**PROBLEM STATEMENT:** Pictures do not belong in the copy; restate the records below word for word.

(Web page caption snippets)
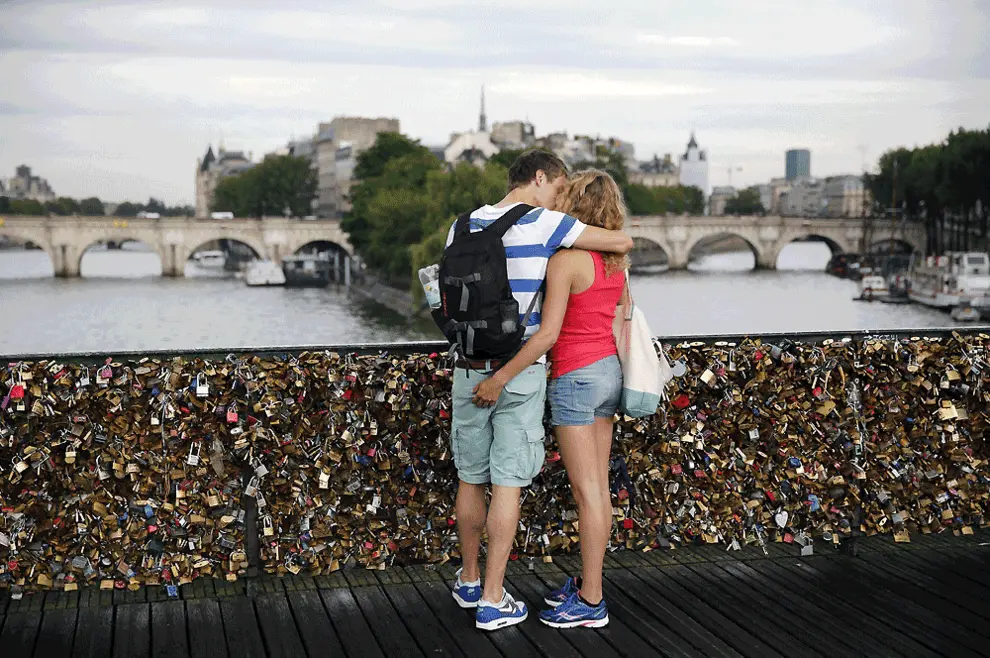 Destinos para disfrutar en San Valentín - Alquiler de Carros en Paris Pons des Arts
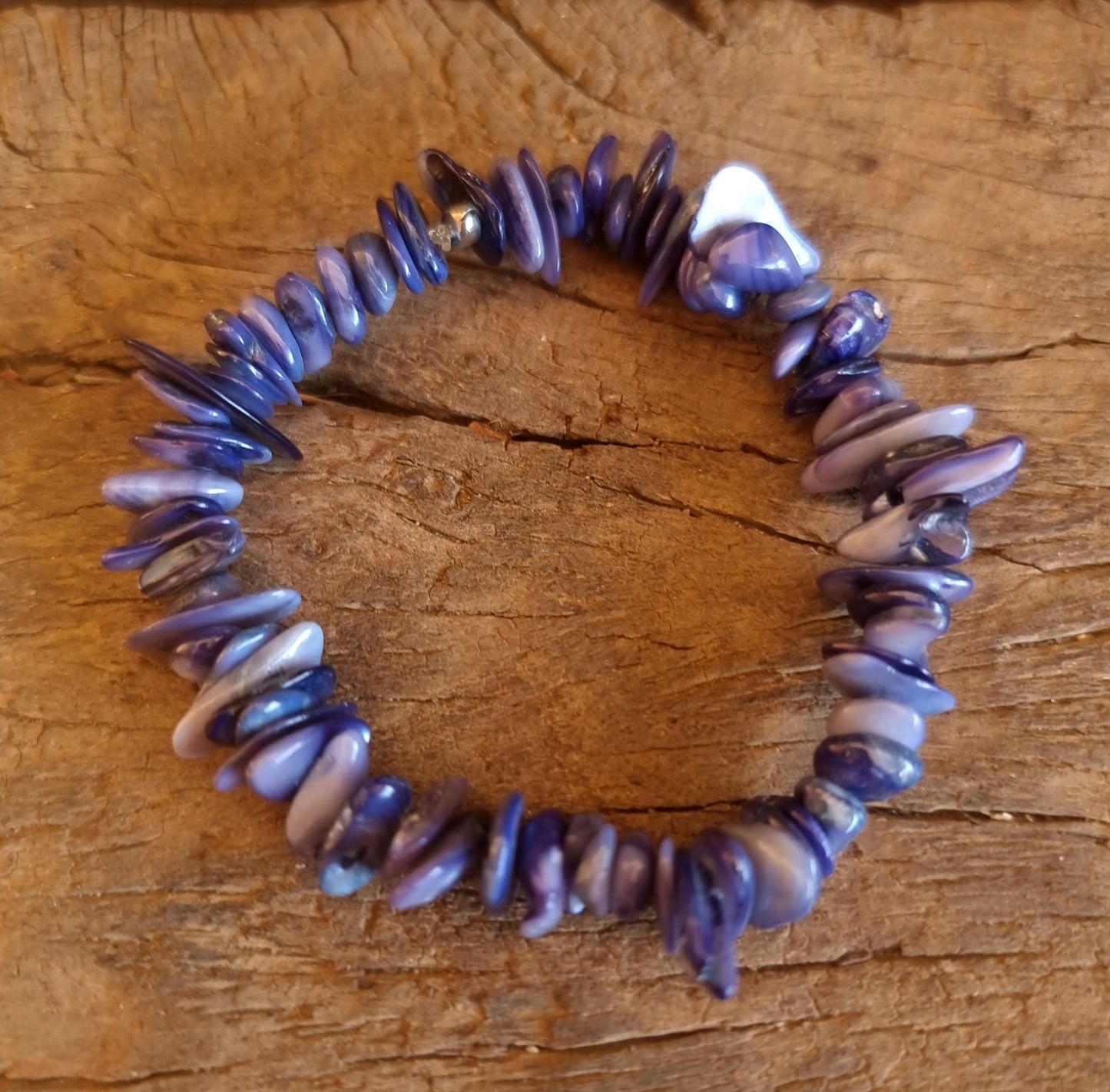 BLUE DYED FRESH SHELL CHIPPED BRACELET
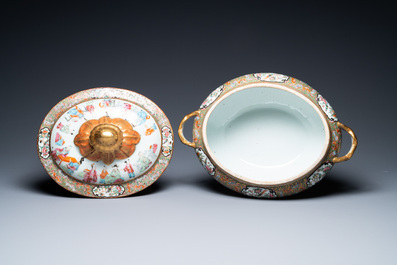 An extensive Chinese Canton famille rose dinner service, 19th C.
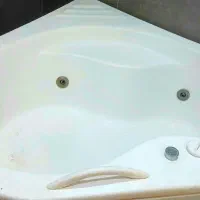 وان حمام و جکوزی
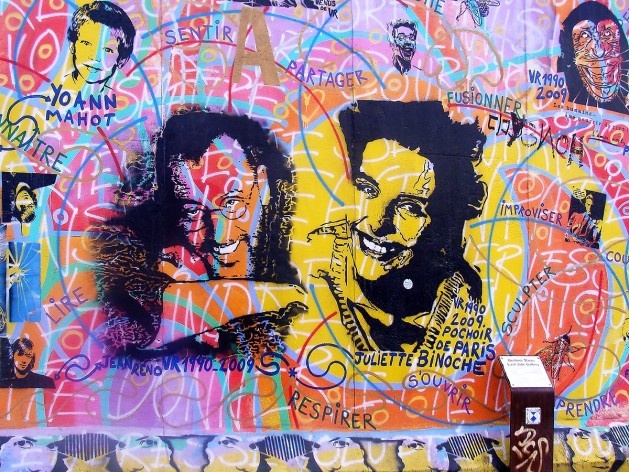 Muro grafitado em Berlim<br />Foto Bruno Santos Stassi 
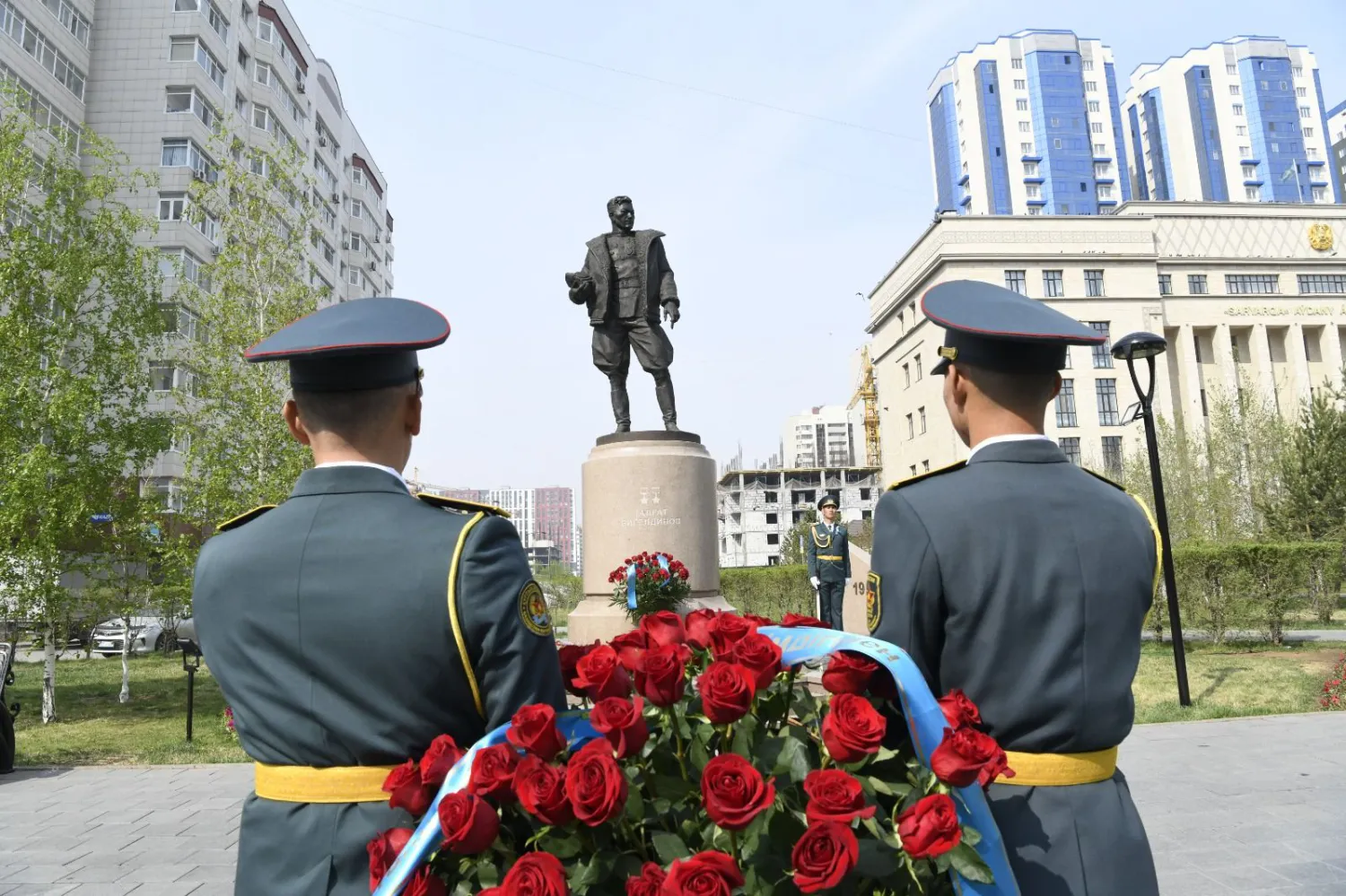 К памятнику Талгату Бигельдинову в столице возложили цветы (ФОТО)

**THE COMPLETED TASK:**
 Destinos para disfrutar en San Valentín - Alquiler de Carros en Paris Pons des Arts
 BLUE DYED FRESH SHELL CHIPPED BRACELET
 An extensive Chinese Canton famille rose dinner service, 19th C.
 وان حمام و جکوزی
 Muro grafitado em Berlim<br />Foto Bruno Santos Stassi 
 К памятнику Талгату Бигельдинову в столице возложили цветы (ФОТО)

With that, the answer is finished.